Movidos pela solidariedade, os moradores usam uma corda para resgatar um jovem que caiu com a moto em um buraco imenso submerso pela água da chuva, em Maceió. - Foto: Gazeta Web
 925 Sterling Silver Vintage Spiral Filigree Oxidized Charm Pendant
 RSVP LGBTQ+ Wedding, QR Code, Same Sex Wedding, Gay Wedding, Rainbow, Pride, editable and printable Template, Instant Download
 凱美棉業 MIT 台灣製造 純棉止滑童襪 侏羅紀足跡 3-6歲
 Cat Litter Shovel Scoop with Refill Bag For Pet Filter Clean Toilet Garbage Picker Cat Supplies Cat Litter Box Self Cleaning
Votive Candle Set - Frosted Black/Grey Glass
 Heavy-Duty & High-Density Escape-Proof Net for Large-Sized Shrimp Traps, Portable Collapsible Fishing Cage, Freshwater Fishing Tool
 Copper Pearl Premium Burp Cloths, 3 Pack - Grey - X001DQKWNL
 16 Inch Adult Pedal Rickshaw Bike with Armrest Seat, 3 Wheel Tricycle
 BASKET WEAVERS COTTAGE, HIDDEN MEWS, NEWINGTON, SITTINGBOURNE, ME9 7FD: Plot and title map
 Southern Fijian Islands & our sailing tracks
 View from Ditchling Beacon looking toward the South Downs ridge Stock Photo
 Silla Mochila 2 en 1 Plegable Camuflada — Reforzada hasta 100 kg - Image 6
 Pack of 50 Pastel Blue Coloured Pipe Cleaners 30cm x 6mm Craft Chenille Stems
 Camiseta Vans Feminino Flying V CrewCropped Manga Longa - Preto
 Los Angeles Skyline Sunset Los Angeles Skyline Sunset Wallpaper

» **Work order**:
Copy the lines of the data above exactly as written, beginning with the line containing "凱美棉業 MIT 台灣製造 純棉止滑童襪 侏羅紀足跡 3-6歲" and ending with the line containing "16 Inch Adult", and leave out all other lines.

» **Result**:
 凱美棉業 MIT 台灣製造 純棉止滑童襪 侏羅紀足跡 3-6歲
 Cat Litter Shovel Scoop with Refill Bag For Pet Filter Clean Toilet Garbage Picker Cat Supplies Cat Litter Box Self Cleaning
Votive Candle Set - Frosted Black/Grey Glass
 Heavy-Duty & High-Density Escape-Proof Net for Large-Sized Shrimp Traps, Portable Collapsible Fishing Cage, Freshwater Fishing Tool
 Copper Pearl Premium Burp Cloths, 3 Pack - Grey - X001DQKWNL
 16 Inch Adult Pedal Rickshaw Bike with Armrest Seat, 3 Wheel Tricycle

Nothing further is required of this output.